Retrospect and Prospect_Web Development in 2023 and 2024

By Bryce Dunn

For most people in tech, 2023 will be remembered as the year of AI. ChatGPT was released in late 2022 and became the center of public attention in the early months of 2023, transforming the way people thought about the future of technology. A new wave of large language models and image generation allowed our imagination to run free, rethinking the ways technology integrates into our lives. Google, trying quickly to catch up, released Bard in March, and Microsoft rebranded Bing’s AI as Copilot to wrap up the year. But as the hype calms down and the dust settles, people who work in technology and software development are now eagerly curious to see if, when, and how AI will actually affect their day-to-day work in 2024. For application developers, the AI awakening of 2023 coincided with a dramatic year of changes to current tech stacks. The historic big players in the market made huge strides introducing new ways to couple client-server relationships more tightly, deprecating famous former versions, and even branding their 2023 changes as a “renaissance” for the entire framework.

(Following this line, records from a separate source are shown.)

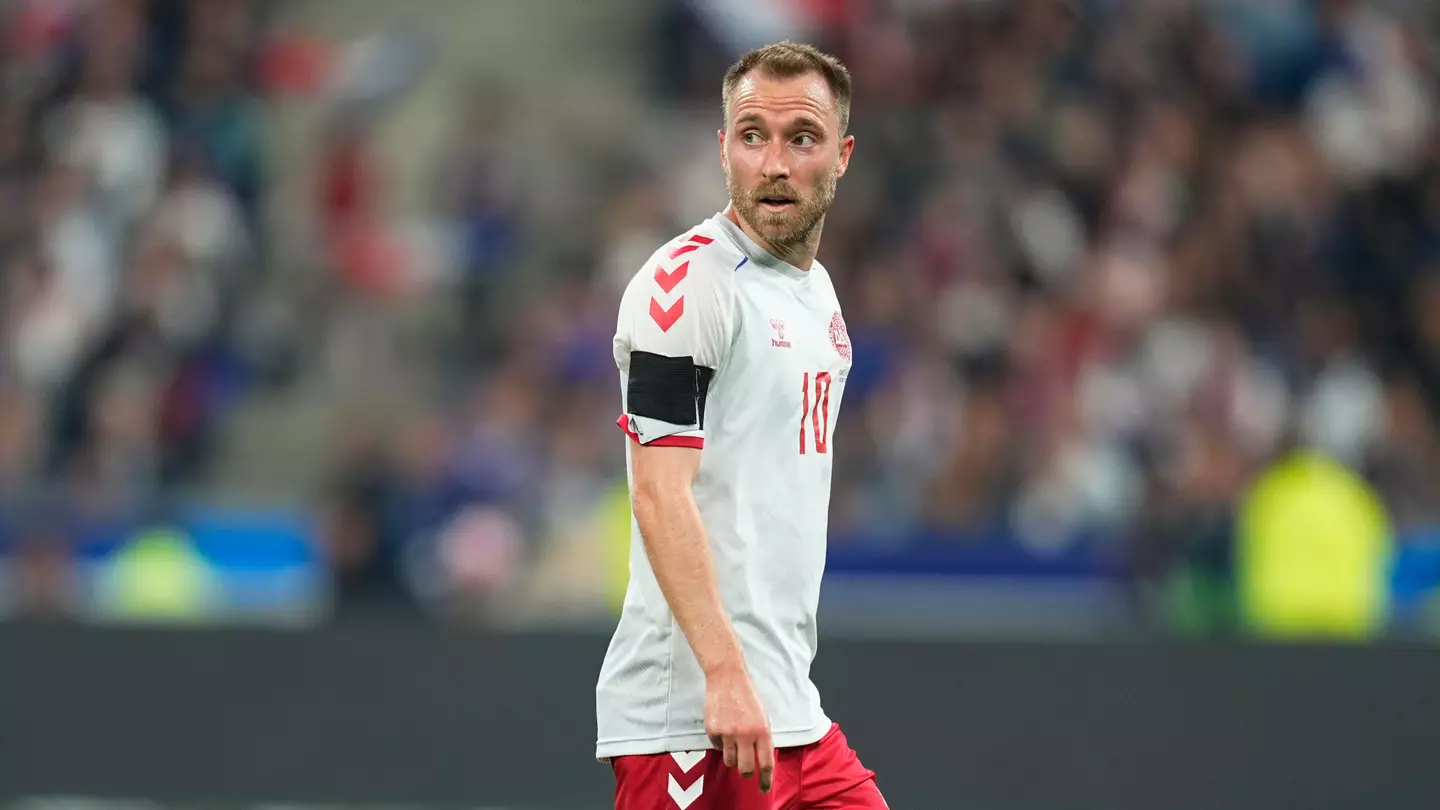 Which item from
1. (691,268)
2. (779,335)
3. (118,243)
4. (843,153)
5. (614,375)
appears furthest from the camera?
(118,243)

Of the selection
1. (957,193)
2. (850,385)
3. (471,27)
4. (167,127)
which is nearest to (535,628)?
(850,385)

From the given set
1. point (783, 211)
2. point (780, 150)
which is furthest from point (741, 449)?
point (780, 150)

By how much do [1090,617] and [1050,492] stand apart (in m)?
0.87

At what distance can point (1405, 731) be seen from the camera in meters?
8.80

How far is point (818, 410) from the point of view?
4.20 metres

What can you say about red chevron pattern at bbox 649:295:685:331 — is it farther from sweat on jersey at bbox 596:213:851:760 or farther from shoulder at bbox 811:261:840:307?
shoulder at bbox 811:261:840:307

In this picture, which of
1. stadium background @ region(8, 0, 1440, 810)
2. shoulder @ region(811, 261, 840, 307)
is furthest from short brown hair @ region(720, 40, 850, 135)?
stadium background @ region(8, 0, 1440, 810)

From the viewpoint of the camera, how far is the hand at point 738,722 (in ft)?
12.4

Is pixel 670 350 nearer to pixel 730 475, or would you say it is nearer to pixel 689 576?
pixel 730 475

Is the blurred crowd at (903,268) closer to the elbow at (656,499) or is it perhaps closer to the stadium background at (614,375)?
the stadium background at (614,375)

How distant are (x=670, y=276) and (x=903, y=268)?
27.8 feet

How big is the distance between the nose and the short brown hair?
0.13 metres

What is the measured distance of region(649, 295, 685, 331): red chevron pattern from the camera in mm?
3898

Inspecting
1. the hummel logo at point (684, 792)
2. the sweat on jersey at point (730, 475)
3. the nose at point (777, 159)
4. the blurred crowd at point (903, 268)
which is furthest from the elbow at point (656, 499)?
the blurred crowd at point (903, 268)
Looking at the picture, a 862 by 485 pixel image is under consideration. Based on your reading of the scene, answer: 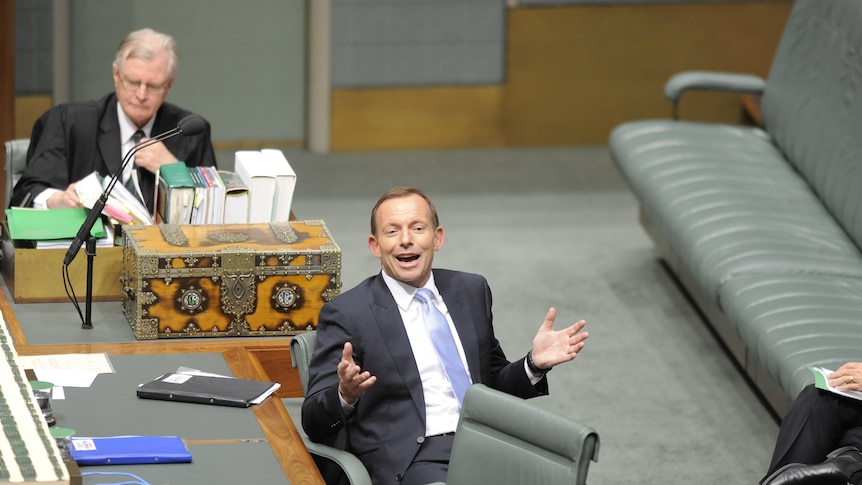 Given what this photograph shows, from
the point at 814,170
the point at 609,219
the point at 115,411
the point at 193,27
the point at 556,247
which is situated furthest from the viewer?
the point at 193,27

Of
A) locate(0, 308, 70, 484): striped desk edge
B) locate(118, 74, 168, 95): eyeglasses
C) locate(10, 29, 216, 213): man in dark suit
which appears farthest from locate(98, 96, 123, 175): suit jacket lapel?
locate(0, 308, 70, 484): striped desk edge

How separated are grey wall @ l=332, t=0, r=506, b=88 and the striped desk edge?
16.9 ft

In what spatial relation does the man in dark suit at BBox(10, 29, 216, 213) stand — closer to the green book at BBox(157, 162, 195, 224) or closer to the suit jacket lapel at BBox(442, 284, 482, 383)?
the green book at BBox(157, 162, 195, 224)

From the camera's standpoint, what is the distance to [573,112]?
28.1ft

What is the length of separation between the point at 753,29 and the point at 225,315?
5490mm

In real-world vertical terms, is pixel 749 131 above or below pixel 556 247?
above

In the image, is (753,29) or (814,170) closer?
(814,170)

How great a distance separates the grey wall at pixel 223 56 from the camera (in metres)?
7.94

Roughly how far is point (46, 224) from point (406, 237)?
1179 mm

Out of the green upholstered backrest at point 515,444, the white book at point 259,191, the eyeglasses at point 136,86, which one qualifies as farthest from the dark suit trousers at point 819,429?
the eyeglasses at point 136,86

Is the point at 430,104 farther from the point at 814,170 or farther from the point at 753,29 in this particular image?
the point at 814,170

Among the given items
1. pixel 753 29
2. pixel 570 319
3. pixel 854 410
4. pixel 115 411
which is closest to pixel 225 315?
pixel 115 411

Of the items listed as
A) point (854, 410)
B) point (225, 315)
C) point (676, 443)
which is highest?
point (225, 315)

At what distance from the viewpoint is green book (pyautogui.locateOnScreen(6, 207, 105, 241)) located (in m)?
4.00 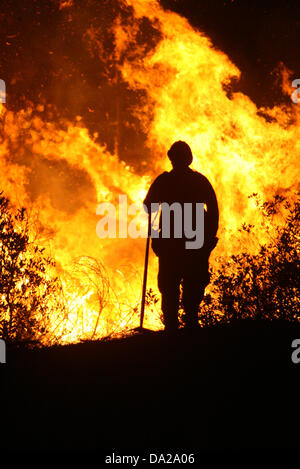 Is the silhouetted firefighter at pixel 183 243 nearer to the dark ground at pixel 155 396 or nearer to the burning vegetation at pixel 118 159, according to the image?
the dark ground at pixel 155 396

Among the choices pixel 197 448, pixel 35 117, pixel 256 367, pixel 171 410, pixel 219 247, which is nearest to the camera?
pixel 197 448

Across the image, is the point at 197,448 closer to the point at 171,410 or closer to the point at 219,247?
the point at 171,410

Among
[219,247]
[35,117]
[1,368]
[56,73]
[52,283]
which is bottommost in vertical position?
[1,368]

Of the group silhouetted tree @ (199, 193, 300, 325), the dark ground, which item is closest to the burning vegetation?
silhouetted tree @ (199, 193, 300, 325)

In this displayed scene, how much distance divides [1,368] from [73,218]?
928 cm

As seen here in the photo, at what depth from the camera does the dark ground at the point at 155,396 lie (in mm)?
3531

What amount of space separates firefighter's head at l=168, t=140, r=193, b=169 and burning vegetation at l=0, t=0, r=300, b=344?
12.5 ft

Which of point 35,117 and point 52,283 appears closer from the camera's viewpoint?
point 52,283

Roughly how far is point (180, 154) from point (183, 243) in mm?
1322

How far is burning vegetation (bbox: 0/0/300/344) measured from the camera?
973 cm

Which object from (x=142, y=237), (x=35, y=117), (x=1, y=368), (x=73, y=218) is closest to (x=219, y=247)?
(x=142, y=237)

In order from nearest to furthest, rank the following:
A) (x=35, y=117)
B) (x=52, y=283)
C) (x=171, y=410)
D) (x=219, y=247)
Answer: (x=171, y=410)
(x=52, y=283)
(x=219, y=247)
(x=35, y=117)

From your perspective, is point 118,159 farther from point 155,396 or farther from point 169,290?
point 155,396

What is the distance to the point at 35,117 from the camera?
43.1 ft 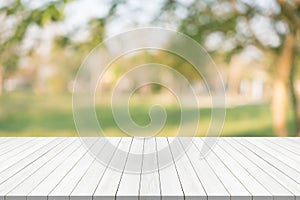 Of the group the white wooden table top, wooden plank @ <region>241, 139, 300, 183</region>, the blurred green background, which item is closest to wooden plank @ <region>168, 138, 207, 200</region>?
the white wooden table top

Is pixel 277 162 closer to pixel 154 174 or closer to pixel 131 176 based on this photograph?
pixel 154 174

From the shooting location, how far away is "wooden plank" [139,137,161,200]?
1.92 metres

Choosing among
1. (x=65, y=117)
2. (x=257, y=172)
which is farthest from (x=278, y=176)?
(x=65, y=117)

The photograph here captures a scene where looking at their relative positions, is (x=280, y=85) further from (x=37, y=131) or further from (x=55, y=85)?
(x=37, y=131)

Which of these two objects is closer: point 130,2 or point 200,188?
point 200,188

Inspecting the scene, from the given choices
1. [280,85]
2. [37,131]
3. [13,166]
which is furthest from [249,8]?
[37,131]

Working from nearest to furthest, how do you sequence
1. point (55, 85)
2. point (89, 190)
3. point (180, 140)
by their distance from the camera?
point (89, 190), point (180, 140), point (55, 85)

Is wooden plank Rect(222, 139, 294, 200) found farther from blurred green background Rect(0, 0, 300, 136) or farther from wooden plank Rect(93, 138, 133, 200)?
blurred green background Rect(0, 0, 300, 136)

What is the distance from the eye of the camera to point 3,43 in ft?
20.1

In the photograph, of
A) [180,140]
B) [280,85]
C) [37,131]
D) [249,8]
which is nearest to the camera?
[180,140]

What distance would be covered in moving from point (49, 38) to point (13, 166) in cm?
466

Alongside these massive shifts in the tides of application development were new companies and technologies making waves for the first time. Fresh frameworks offering new solutions to old problems gained more steam than many have in the last decade. An array of developer and pipeline tools have enriched and expanded the developer experience. And of course, AI made deep inroads into the world of application and web development. All of these changes amount to an exciting but disorienting world for developers in 2024. To help developers orient themselves and become familiar with this strange new world, I’m going to map the major updates from 2023 and introduce the new technologies and development techniques of 2024. We’ll review the major players in the world of web development: React, Vue, and Angular. Then I’ll introduce the growing lineup of smaller frameworks, companies, and libraries making waves coming into 2024. Finally, we’ll take a look at the current tools utilizing AI for application development and what’s on the horizon for developers and AI in 2024. It’s an exciting time to be a developer! But it’s also more fast-moving than ever.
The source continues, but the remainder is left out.